# Help with Hitachi NR90AE(S) Strip Nailer



## sjgusmc21 (Dec 16, 2016)

I purchased this nailer are re-manufactured off of Ebay and it worked great until I hit a knot. It started leaking air from the top and the nose, then would only half drive a nail. I proceeded to tear it down, and solved the top air leak and the nose air leak, but it was leaking profusely from the trigger area and would not fire. 

I have replaced every gasket on it, and the three plastic piston parts to the trigger. Tonight, when I tested it, no air leaking until I pulled the trigger and air leaked from the side the trigger housing.

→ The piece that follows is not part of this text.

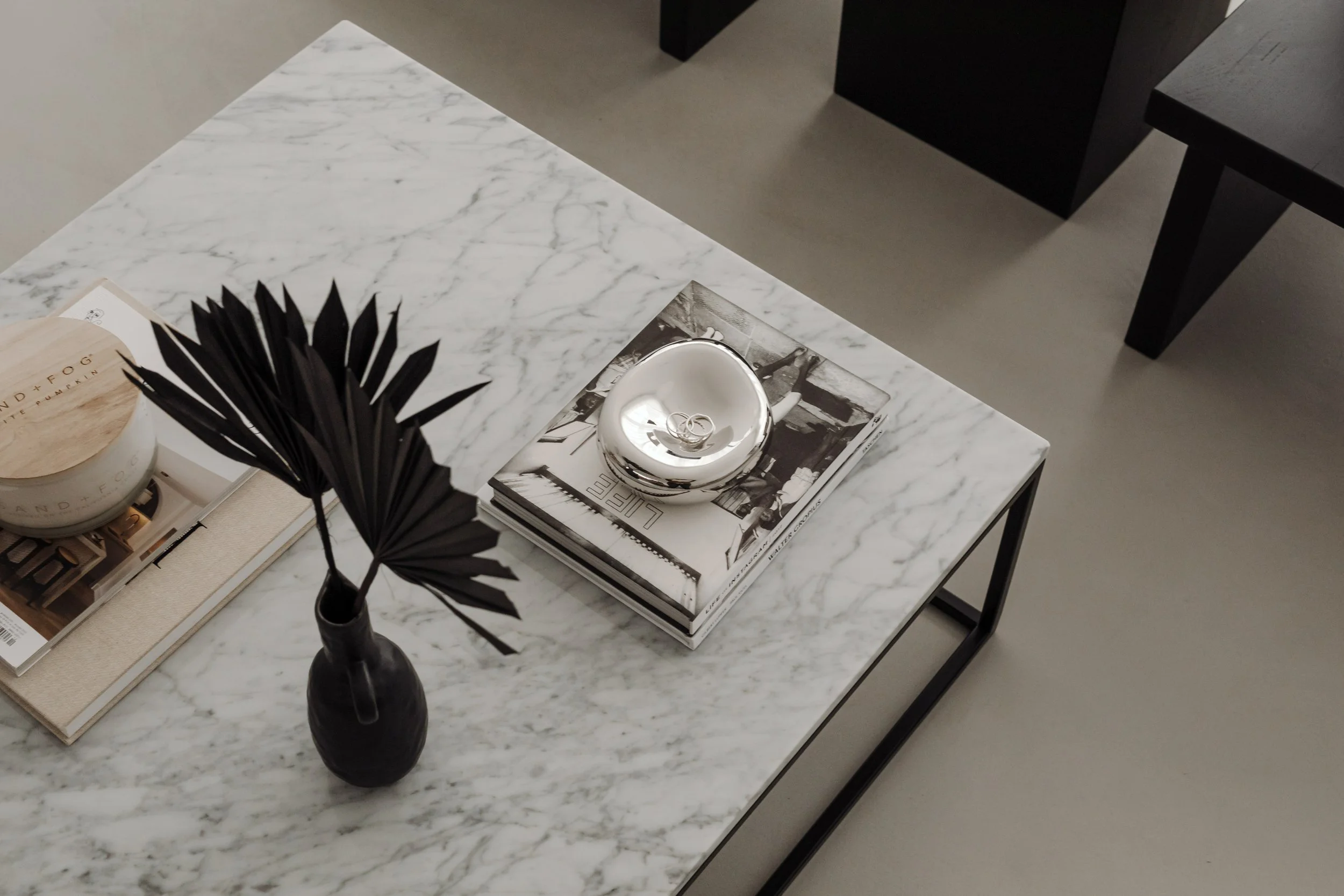 Top view of a marble coffee table with black vase holding dried black palm leaves, a black-and-white magazine with rings placed on top, and a candle on a tray, with a black chair nearby.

I do not believe I have any bad gaskets, and like i said, I replaced the plastic piston parts of the plunger assembly. It has to be something simple, I just don't know what it is. I do not believe any parts are missing. I have gone over, and over the diagrams and just don't see any parts that I haven't used, missing. 

Any suggestions? I have attached a picture of the diagrams with the parts I have replaced in red. I am trying not to take it to a shop, as I am sure it is probably something I am doing wrong. Any help would be greatly appreciated. 

The url is the diagram to the nailer i have. 

http://www.ereplacementparts.com/hitachi-nr90ae-strip-nailer-parts-c-7927_13310_147615.html


----------



## Nato (Dec 30, 2020)

[


----------



## steves7839 (Aug 18, 2019)

I'm in the process of rebuilding one of this model. The two tiniest o-rings on the trigger valve plunger look rather wimpy and undersized for the grooves they are in. But the trigger valve looks good otherwise. If you replaced these two, it might have been easy to nick the ring or scratch the plunger. I would examine the housing for cracks and scratches on any of the o-ring seating surfaces, then replace the TV assembly in this case.

Going back in time to the initial problem that developed when the nailer hit a knot, did it bend the piston driver?


----------